Le délai prévu par l'art. 23 al. 3 REP s'apparente davantage à un délai légal qu'à un délai fixé par l'autorité, quand bien même la disposition précitée délègue au DIP le choix de la date-limite. Quoi qu'il en soit, la restitution d'un délai, qu'elle soit fondée sur l'al. 1 ou l'al. 3 de l'art. 16 LPA suppose l'absence de faute de l'administré. Or, comme les recourants l'ont du reste reconnu d'emblée, le non-respect du délai précité est dû à une inattention de leur part. Une restitution de délai n'entre dès lors pas en ligne de compte, les recourants n'invoquant du reste aucun argument susceptible d'amener à un constat différent.

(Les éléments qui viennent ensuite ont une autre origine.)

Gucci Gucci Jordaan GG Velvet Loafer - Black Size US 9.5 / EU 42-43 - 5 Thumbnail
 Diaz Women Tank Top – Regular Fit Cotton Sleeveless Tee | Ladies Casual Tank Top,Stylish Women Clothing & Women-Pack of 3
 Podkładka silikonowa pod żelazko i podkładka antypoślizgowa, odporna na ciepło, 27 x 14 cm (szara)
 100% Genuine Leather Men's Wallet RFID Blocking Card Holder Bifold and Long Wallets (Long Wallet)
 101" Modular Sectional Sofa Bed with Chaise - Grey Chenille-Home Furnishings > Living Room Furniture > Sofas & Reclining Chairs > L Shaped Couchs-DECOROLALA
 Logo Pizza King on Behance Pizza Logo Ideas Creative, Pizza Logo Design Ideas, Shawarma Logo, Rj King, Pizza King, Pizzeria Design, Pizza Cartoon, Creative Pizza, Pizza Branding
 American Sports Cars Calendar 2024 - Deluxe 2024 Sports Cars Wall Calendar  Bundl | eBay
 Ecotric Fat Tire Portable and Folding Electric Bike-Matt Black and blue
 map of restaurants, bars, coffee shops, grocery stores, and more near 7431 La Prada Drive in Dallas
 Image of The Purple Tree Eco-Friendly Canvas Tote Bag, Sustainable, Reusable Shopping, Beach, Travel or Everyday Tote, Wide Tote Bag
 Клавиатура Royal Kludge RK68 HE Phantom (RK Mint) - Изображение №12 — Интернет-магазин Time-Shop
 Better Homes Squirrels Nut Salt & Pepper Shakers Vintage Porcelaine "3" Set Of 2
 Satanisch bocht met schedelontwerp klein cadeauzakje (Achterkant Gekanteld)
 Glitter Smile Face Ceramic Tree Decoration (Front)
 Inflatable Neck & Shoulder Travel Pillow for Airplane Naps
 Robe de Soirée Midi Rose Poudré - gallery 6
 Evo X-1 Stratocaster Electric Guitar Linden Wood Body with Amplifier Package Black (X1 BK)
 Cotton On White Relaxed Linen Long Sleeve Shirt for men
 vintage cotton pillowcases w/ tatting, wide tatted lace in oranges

Il s'ensuit que la décision attaquée est conforme au droit, si bien que le recours sera rejeté.

7) Vu l'issue du litige, un émolument de CHF 400.- sera mis à la charge solidaire des époux B______ (art. 87 al. 1 LPA), et aucune indemnité de procédure ne sera allouée (art. 87 al. 2 LPA).

PAR CES MOTIFS
LA CHAMBRE ADMINISTRATIVE

à la forme :

déclare recevable le recours interjeté le 16 mars 2022 par A______, agissant par ses parents Madame et Monsieur B______, contre la décision du département de l'instruction publique du 11 mars 2022 ;

au fond :

le rejette ;

met à la charge solidaire de Madame et Monsieur B______ un émolument de CHF 400.- ;

dit qu'il n'est pas alloué d'indemnité de procédure ;

dit que conformément aux art. 82 ss de la loi fédérale sur le Tribunal fédéral du 17 juin 2005 (LTF - RS 173.110), le présent arrêt peut être porté dans les trente jours qui suivent sa notification par-devant le Tribunal fédéral, par la voie du recours en matière de droit public ; le mémoire de recours doit indiquer les conclusions, motifs et moyens de preuve et porter la signature du recourant ou de son mandataire ; il doit être adressé au Tribunal fédéral, 1000 Lausanne 14, par voie postale ou par voie électronique aux conditions de l’art. 42 LTF. Le présent arrêt et les pièces en possession du recourant, invoquées comme moyens de preuve, doivent être joints à l’envoi ;

communique le présent arrêt à Madame et Monsieur B______ ainsi qu'au département de l'instruction publique, de la formation et de la jeunesse.

Siégeant : M. Mascotto, président, M. Verniory, Mme Lauber, juges.

Au nom de la chambre administrative :

la greffière-juriste :

 

 

S. Hüsler Enz

 

 

le président siégeant :

 

 

C. Mascotto

 

 

Copie conforme de cet arrêt a été communiquée aux parties.